Mallory Kortuem, directing traffic in an earlier game, held her own against a physical Granite Falls squad.

Lindsey Roberts can mash a ball.

The Coupeville High School senior possesses a golden leg, one capable of launching a soccer ball like a missile from the 30-yard line, before snapping it off and neatly dropping said ball right over the shoulder of a flailing goaltender.

She’s done it before and she did it again Thursday night, providing the game’s biggest bang in a rough-and-tumble bout with visiting Granite Falls.

It was the kind of night when an otherwise easy-going Wolf booter paced back and forth after the game, telling a teammate “I was so close to squaring up on that girl!”

It was also the kind of night when, despite Roberts cannon shot, and solid work in net by backup goalie Mollie Bailey, Coupeville fell 4-1.

The loss drops the Wolves to 1-4 in North Sound Conference play, 1-7-1 overall.

CHS sits in fifth-place in the six-team league.

Granite Falls used a stingy defense (and a few well-placed elbows) to improve to 3-1 in league action.

The Tigers are lurking in second-place, a game-and-a-half off of the pace of defending 1A state champ King’s, which is 5-0 after hammering South Whidbey 5-0 Thursday night.

The match-up against Granite Falls, the first home game for Coupeville after four straight on the road, opened with a bang, and a bad one at that.

Attacking right off the opening tip, the Tigers slammed home a goal less than a minute into play, slipping in a sizzler from the left side on a breakaway.

With starting goalie Sarah Wright off on a college visit, Bailey, a sophomore, got a rare start in the net and largely held her own, making several nice saves as the evening played out.

Mollie did a solid job,” said Coupeville coach Kyle Nelson. “Very nice to see.”

Bailey, who made an impressive snag on a ball during a multi-player rumble in front of the net, teamed with her defenders to clamp down hard on the Tigers after the opening goal, holding them scoreless the rest of the way until halftime.

Coupeville had trouble getting many shots of its own in the first half, however (something which would change after the break), and the game remained stuck at 1-0 for almost 40 minutes.

Wolf freshman Kiara Contreras had a nice run down the right side, and Genna Wright fought the good fight in a crowd of sharp elbows, but nothing was going in for CHS.

The Wolves, who have struggled to score in recent games, finally broke the seal on the net in stoppage time.

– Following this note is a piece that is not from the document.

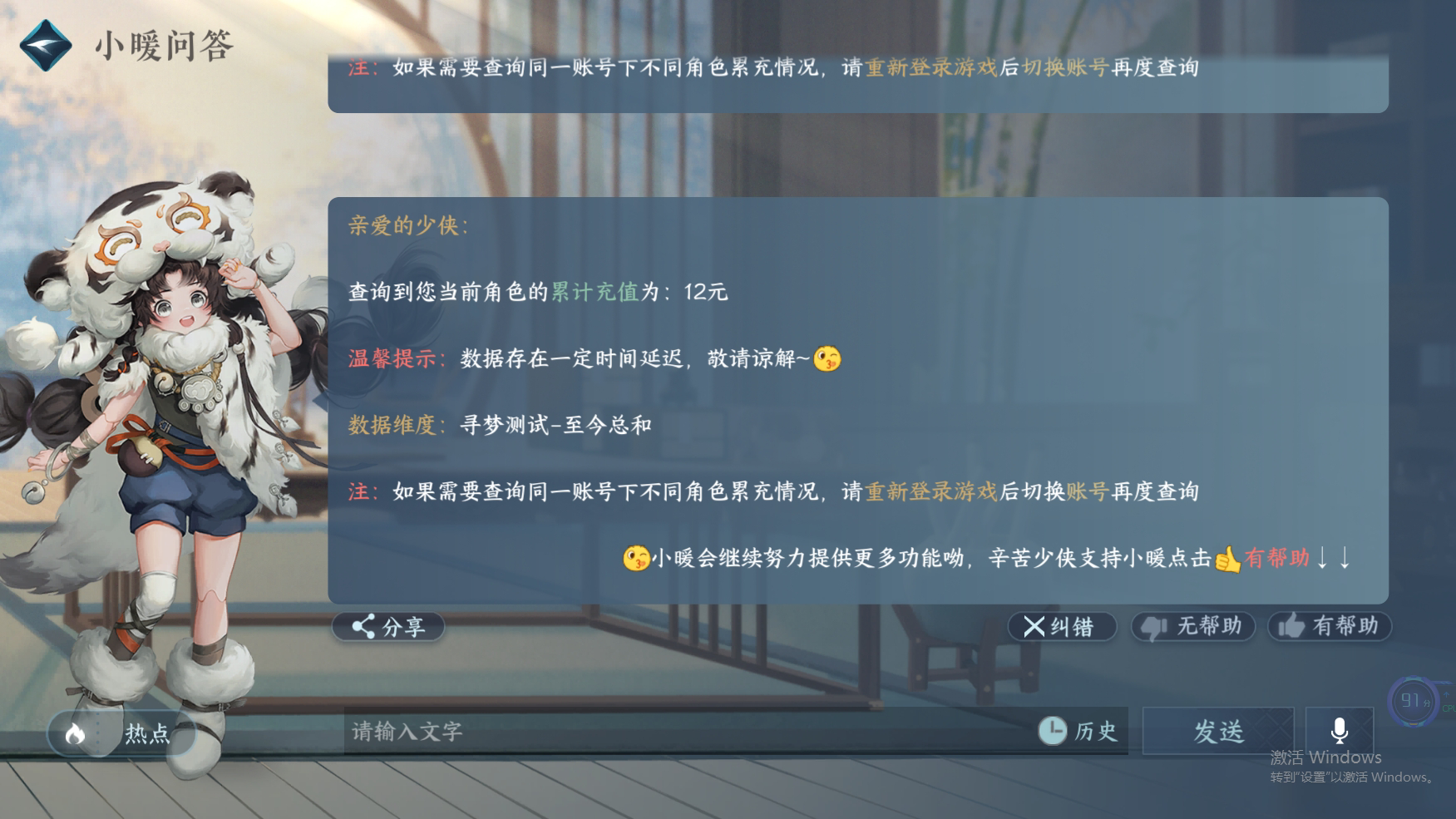 NSH24315逆水寒手游账号详情图30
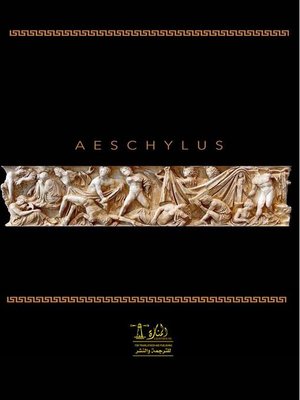 cover image of Complete works of Aeschylus--Text, Summary, Motifs and Notes (Annotated)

Roberts set up on a free kick, and with everyone in the stadium glued to her every move, brought back memories of former Wolf Jenn Spark, who used to routinely crush long balls in the same manner.

The Granite net-minder jumped as the ball came in hot, but had no chance to stop the rocket as it curved neatly into the back of the net for Roberts’ third goal of the season, and 16th of her stellar career.

The goal seemed to suck a lot of the air out of the visitors in the moment, but halftime, which arrived mere seconds later, saved them.

Revived by the break (and maybe orange slices?), the Tigers pushed their attack in the second half, slipping home the tiebreaker six minutes in, before tacking on cushion goals in the 57th minute and in stoppage time.

CHS had multiple chances to generate goals of its own in the offense-heavy second half, but the soccer gods were unforgiving.

Avalon Renninger, Wright and Roberts all had quality looks, and snappy shots, only to have the ball ding off the crossbar or skip by the net by a matter of inches.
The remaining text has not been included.